◆ Exercise goal:
Please copy out each line of the listing that contains the word "with".

*** Block opens ***

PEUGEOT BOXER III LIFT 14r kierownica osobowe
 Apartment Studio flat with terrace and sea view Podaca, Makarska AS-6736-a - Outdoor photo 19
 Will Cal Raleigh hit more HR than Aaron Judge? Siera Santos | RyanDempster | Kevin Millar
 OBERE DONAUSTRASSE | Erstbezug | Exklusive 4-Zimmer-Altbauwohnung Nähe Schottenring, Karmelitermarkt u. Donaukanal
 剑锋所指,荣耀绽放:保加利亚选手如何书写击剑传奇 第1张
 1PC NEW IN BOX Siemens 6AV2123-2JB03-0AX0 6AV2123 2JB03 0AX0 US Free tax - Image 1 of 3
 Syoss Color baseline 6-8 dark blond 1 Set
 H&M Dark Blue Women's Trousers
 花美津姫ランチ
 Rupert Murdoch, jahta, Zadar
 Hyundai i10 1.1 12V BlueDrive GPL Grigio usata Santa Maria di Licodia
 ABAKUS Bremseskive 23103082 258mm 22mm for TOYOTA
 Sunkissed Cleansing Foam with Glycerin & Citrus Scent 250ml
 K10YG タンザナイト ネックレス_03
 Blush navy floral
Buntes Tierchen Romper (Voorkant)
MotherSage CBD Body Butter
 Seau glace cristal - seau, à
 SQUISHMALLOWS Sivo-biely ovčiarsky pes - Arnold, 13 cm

*** Block closes ***

◆ Solved problem:
 Apartment Studio flat with terrace and sea view Podaca, Makarska AS-6736-a - Outdoor photo 19
 Sunkissed Cleansing Foam with Glycerin & Citrus Scent 250ml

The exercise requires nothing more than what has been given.